### Problem details
What lines of the data hold the string "white"? Copy them all.

### Records for this task
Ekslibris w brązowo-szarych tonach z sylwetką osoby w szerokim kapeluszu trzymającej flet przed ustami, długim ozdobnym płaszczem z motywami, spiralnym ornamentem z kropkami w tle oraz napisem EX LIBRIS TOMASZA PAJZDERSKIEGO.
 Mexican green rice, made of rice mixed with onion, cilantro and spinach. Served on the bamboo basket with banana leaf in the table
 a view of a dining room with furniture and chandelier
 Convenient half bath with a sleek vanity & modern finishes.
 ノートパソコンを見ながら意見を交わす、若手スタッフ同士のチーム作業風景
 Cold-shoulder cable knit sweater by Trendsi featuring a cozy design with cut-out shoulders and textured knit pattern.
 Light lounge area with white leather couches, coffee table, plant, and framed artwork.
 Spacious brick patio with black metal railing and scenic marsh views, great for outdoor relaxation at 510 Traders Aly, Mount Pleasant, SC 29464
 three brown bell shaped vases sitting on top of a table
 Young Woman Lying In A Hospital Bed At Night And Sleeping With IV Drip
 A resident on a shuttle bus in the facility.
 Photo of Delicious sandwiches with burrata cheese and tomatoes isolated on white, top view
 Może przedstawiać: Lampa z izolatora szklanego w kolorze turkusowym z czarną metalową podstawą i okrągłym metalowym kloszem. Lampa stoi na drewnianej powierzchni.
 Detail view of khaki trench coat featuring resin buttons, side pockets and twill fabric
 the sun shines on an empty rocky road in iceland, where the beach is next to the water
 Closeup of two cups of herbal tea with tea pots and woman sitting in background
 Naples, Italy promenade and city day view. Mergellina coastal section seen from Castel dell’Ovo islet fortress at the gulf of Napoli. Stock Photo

### Result for this exercise
 Light lounge area with white leather couches, coffee table, plant, and framed artwork.
 Photo of Delicious sandwiches with burrata cheese and tomatoes isolated on white, top view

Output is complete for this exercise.